SOURCE MATERIAL >>
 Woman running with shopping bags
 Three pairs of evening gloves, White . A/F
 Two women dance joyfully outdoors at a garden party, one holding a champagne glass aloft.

TASK REQUIREMENTS >>
The data must be given again in full, exactly as written.

PROBLEM SOLUTION >>
 Woman running with shopping bags
 Three pairs of evening gloves, White . A/F
 Two women dance joyfully outdoors at a garden party, one holding a champagne glass aloft.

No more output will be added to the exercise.